(Material supplied begins)

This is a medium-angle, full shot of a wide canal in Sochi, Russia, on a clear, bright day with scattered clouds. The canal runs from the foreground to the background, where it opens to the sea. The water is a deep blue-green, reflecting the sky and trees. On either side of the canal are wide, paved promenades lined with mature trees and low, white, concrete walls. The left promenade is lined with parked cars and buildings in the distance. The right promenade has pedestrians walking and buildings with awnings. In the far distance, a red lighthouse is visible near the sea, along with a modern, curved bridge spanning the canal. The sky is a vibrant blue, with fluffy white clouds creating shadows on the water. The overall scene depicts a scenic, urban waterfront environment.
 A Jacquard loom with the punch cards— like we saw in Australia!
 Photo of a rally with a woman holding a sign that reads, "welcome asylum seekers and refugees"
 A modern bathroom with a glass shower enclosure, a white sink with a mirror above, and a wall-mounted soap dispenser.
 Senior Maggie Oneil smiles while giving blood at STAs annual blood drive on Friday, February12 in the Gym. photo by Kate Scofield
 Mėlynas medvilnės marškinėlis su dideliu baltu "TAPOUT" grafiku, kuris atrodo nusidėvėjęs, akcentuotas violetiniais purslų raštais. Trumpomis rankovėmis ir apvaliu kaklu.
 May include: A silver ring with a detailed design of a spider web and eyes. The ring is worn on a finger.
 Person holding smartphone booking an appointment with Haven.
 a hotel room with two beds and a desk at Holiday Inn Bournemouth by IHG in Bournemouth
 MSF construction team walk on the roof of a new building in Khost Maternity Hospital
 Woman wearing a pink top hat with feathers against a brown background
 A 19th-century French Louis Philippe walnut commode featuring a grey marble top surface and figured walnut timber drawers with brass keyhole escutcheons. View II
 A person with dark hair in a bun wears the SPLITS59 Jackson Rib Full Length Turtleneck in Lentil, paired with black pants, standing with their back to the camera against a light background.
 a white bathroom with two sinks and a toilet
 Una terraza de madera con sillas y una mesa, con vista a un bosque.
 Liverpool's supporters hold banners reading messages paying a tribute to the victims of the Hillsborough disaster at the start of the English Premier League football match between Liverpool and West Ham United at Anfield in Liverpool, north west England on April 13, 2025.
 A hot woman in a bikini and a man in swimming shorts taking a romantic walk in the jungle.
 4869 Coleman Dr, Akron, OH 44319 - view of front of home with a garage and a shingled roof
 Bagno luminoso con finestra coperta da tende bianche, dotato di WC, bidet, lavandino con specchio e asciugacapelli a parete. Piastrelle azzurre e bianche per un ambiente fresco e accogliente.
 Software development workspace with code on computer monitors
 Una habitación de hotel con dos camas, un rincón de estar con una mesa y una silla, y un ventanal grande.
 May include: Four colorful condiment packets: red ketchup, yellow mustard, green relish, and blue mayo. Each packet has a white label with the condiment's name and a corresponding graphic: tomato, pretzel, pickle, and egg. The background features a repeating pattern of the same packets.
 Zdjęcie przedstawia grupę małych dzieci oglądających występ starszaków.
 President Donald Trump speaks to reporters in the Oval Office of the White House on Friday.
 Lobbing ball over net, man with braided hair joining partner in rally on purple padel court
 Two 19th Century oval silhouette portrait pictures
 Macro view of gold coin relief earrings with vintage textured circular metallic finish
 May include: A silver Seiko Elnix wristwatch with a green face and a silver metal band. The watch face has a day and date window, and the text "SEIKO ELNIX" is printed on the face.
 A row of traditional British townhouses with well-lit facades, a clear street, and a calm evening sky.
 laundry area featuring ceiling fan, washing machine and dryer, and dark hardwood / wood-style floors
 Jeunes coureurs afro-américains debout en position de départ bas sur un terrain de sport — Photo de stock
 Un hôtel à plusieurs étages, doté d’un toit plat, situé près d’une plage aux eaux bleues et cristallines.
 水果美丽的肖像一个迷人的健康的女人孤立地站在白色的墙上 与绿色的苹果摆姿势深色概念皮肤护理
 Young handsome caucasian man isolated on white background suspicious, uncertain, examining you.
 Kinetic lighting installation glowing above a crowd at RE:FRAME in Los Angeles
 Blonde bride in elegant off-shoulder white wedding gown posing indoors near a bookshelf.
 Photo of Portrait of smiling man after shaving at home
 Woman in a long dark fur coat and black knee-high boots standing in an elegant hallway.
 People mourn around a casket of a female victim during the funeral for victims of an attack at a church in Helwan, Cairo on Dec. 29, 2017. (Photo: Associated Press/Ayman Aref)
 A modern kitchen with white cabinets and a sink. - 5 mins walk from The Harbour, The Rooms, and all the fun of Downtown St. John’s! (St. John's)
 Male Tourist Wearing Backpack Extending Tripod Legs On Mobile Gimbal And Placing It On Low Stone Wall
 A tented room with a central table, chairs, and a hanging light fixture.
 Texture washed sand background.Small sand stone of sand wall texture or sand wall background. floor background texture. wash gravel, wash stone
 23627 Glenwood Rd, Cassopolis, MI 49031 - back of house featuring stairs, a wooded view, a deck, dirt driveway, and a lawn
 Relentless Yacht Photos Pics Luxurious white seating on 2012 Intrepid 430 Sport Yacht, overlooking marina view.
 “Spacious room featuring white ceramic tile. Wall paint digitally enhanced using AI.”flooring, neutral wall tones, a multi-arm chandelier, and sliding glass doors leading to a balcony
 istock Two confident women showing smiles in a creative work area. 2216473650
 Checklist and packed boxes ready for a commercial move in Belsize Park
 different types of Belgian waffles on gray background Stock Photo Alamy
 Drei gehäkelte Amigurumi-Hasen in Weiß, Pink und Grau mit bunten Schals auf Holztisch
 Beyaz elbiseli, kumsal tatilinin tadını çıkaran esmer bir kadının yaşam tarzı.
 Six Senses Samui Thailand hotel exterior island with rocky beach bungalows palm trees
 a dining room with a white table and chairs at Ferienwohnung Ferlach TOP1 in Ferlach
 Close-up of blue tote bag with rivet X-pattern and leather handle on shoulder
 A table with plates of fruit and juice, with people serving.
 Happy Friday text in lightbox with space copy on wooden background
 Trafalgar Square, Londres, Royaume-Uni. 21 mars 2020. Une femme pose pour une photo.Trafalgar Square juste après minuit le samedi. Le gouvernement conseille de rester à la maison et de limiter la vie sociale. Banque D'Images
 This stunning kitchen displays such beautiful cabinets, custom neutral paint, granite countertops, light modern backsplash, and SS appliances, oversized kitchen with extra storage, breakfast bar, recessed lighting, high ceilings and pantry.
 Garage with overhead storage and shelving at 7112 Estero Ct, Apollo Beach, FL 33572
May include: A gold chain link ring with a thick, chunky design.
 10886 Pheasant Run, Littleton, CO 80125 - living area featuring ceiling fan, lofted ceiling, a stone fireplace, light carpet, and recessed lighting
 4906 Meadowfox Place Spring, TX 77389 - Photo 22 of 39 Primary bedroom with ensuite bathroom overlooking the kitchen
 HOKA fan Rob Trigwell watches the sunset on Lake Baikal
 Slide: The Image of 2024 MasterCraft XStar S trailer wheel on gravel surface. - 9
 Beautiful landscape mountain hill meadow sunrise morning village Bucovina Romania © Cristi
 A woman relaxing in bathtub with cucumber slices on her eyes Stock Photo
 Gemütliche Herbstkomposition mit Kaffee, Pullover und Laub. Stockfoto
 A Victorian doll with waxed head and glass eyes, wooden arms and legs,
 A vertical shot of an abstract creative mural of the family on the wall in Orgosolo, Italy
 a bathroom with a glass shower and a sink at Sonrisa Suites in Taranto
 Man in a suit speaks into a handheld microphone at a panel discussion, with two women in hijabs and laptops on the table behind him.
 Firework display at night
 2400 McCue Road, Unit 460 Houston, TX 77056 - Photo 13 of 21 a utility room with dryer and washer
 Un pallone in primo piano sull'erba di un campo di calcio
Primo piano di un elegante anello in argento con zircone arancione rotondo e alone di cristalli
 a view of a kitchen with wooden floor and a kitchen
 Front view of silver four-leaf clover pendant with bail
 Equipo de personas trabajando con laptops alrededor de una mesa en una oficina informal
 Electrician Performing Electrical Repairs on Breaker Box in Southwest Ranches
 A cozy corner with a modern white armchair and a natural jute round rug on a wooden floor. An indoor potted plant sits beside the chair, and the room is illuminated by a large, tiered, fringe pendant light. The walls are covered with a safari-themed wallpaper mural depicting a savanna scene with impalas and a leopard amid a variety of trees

(Material supplied ends)

* [Instructions for the task] Would you copy out each line of the records above where the word "creative" occurs?

* [Written solution]
 istock Two confident women showing smiles in a creative work area. 2216473650
 A vertical shot of an abstract creative mural of the family on the wall in Orgosolo, Italy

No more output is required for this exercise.